Com relação a condutas anticompetitivas, como as condutas unilaterais são julgadas de acordo com a regra da razão e precisam comprovar seus efeitos concorrenciais negativos para serem punidas, os processos eram semelhantes aos processos de análise de prévia de operações e diferentes dos processos de cartel, razão pela qual, inicialmente, unificamos essas análises nas mesmas coordenações. No entanto, um problema prático apareceu. Como os casos de análises de controle de estruturas têm um prazo determinado para serem julgados, enquanto não há prazo para julgar um caso de conduta unilateral, as operações tinham prioridade sobre os casos unilaterais. Em 2022, ao criar uma unidade especializada em condutas unilaterais, o Cade buscou reequilibrar a balança para realizar mais investigações de condutas unilaterais.

A autoridade tem se mantido vigilante a casos relacionados a existência de acordos de exclusividade, especialmente a acordos de fato por empresas dominantes que podem resultar em exclusão de mercado. Inclusive, o Tribunal do Cade anunciou, recentemente, acordos nos setores de entrega de alimentos on-line e academias, sinalizando a importância das medidas preventivas adotadas anteriormente nesses casos, bem como a tendência crescente de fiscalização nos mercados digitais.

O Cade tem obtido excelentes resultados em investigações de condutas unilaterais, o que mostra que está atento às tendências antitruste nesse assunto. Nesse sentido, podemos esperar que investigações de condutas unilaterais estejam entre as prioridades de fiscalização da autoridade de defesa da concorrência.

No que diz respeito ao combate a cartéis, nossa prioridade é aprofundar a cooperação com o Ministério Público, que têm competência legal para conduzir ação penal contra essa prática. O Cade já possui acordos ativos de cooperação técnica com os 27 Ministérios Públicos Estaduais e com o Ministério Público Federal, e o objetivo é fortalecer esses laços com resultados tangíveis em termos de compartilhamento de provas, realização de buscas e apreensões conjuntas e outras iniciativas substanciais para fortalecer a fiscalização pública contra cartéis na jurisdição brasileira.

É importante promover nossa cooperação com outros órgãos governamentais, bem como com o setor privado, a fim de entender melhor como cada decisão afetará o mercado. Portanto, nosso objetivo é transmitir uma mensagem clara aos nossos interessados. Em essência, isso significa que buscamos fornecer transparência em relação à nossa avaliação e nossos procedimentos na medida em que a análise antitruste nos permite.

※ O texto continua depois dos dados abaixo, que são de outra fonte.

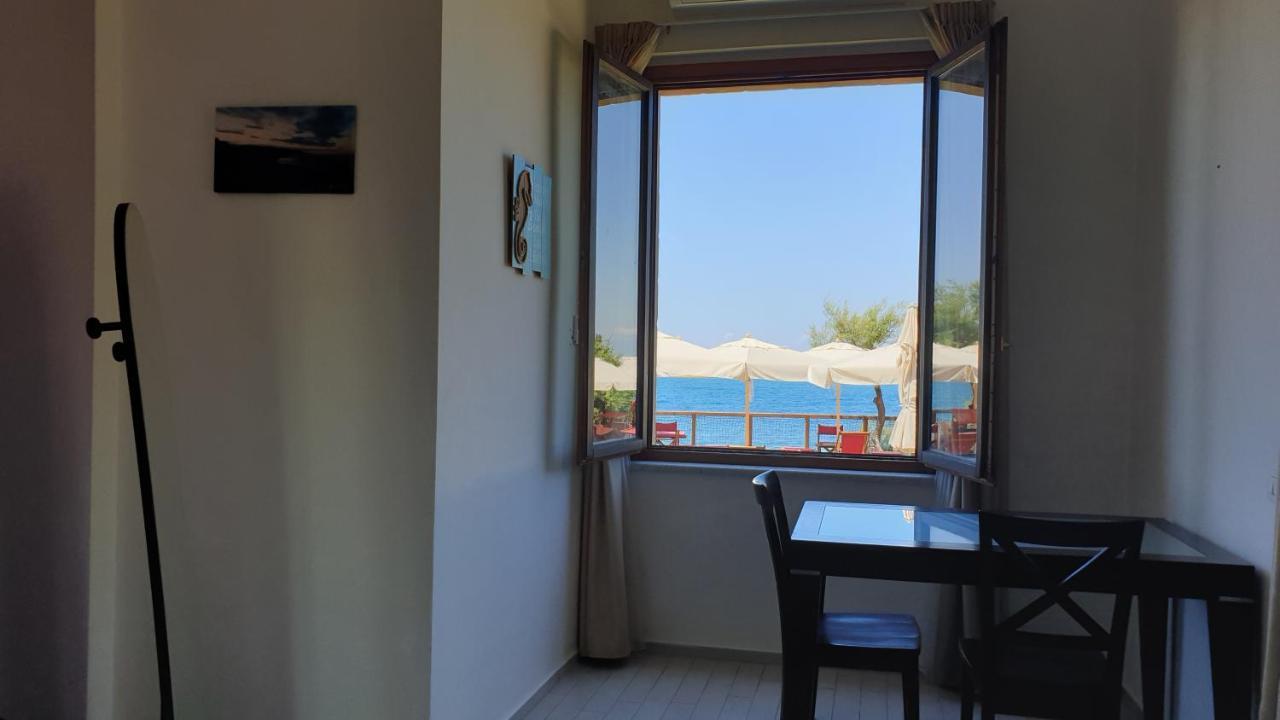 Cala Dei Mori Aparthotel Livorno Kültér fotó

Preservar um ambiente competitivo e se ater aos objetivos do direito concorrencial em todo o mundo é um aspecto fundamental para que as autoridades antitruste não expandam suas competências além do que previsto na sua missão institucional. Essa é uma discussão atual e muito complexa. Entendo que a participação em fóruns internacionais oferece a possibilidade de dialogar com autoridades de outros países para que consigamos falar a mesma língua na análise antitruste, sem atribuir ao direito concorrencial e à autoridade antitruste tudo aquilo que não é resolvido por outra instituição.